Se legalmente não existe qualquer justificação para as autoridades brasileiras agirem como tal, o que estará a motivar essas acções? Qual deve ser a posição do Estado angolano e dos cidadão directamente visados?
Uma primeira explicação pode estar no novo posicionamento de Angola com relação à migração. Actualmente o território angolano é um destino de imigração e, atendendo à este facto as autoridades brasileiras podem estar a reagir contra às regras que existem para à concessão de vistos aos cidadãos daquele Estado que os permita entrar no território angolano. Lembremos que o Embaixador brasileiro acreditado em Angola fez questão de frisar que “nos últimos cinco meses deste ano já foram concedidos mais de 13 mil vistos a cidadãos angolanos, principalmente para turismo, negocio e estudo”; afirmou também que “em 2008 houve momentos em que foram concedidos cerca de mil vistos de curta duração a angolanos por semana”, e que o Brasil, de forma unilateral, decidiu conceder vistos de curta duração com múltiplas entradas com a validade de um ano aos cidadãos angolanos.
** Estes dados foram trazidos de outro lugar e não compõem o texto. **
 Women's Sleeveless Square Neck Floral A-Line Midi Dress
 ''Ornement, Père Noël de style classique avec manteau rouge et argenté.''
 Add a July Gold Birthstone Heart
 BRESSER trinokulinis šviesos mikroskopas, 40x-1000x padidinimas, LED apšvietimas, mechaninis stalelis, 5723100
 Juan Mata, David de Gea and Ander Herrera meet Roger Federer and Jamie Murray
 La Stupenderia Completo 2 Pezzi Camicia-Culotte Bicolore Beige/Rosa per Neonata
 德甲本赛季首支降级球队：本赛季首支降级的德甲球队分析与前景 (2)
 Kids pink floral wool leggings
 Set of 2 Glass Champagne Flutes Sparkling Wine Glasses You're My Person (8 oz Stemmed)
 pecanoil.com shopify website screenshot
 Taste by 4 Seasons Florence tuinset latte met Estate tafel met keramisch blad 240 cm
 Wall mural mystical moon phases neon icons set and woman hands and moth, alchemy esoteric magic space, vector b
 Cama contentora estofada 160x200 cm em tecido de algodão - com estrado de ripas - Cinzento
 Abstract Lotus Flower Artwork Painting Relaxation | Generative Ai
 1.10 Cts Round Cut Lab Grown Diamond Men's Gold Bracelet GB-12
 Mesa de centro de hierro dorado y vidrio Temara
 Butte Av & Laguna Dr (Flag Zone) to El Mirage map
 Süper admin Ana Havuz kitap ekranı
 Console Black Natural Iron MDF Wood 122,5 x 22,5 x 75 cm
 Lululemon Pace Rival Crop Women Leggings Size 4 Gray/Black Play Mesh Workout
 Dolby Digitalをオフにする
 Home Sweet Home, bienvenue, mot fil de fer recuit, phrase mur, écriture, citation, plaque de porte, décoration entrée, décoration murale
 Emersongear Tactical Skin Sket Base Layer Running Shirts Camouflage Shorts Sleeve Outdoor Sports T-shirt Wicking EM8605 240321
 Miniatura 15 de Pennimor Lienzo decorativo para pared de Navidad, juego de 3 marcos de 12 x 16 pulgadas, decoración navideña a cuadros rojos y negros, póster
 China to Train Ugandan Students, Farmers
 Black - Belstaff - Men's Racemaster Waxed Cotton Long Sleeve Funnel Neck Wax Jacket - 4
Todos esses argumentos podem espelhar alguma frustração no que se refere à um tratamento igual. Mas é evidente que as condições e os interesses dos cidadãos brasileiros que pretendem entrar no território angolano não são as mesmas que a dos angolanos que viajam para o Brasil. Portanto, pode existir a intenção de criar alguma tensão para que o Estado angolano tome uma outra medida com relação ao cidadãos brasileiros, alias, o Brasil fez o mesmo com Portugal e conseguiu os seus intentos.
O Estado angolano deve analisar a situação atendendo os mais altos interesses nacionais e protegendo os seus cidadãos contra humilhações ou qualquer outro tipo de tratamento que fragilize a imagem do país e atropele as leis internacionais que estabelecem as relações diplomáticas e consulares, nomeadamente as convenções de Viena de 1961 e a de 1963. Mas também deve atender aos fundamentos da política externa, nomeadamente, à efectividade da acção a ser tomada e aos interesses económicos de médio/curto prazo.
Os cidadãos visados devem exigir uma indemnização pelos danos materiais/morais causados e procurar todos o meios legais para que seja respeitada a lei brasileira de acesso aquele território. Caberá também às organizações da sociedade civil em Angola dar o apoio necessário para que tal se concretize, auxiliando o governo angolano na defesa dos direitos dos cidadãos nacionais. Estariam mostrar que são, de facto, organizações da sociedade civil e defensores dos direitos humanos e/ou civis.
As autoridades brasileiras estão a transgredir a sua própria lei. O repatriamento dos cidadãos angolanos nessas condições constitui uma falta de coerência com base no reconhecimento e na reciprocidade de tratamento já que os cidadãos angolanos estavam legalmente documentados. Não tendo justificação legal, oficial e plausível, o Brasil está a desenvolver acções que podem ser classificadas como Patologia Diplomática, reprováveis à luz do Direito Internacional. Urge voltar à diplomacia legal, ao diálogo, a informação e a negociação para se ultrapassar esta situação pouco amigável e deselegante que não coincide com a imagem do Brasil perante os angolanos nem com os laços históricos e sociais existentes entre os dois Estados.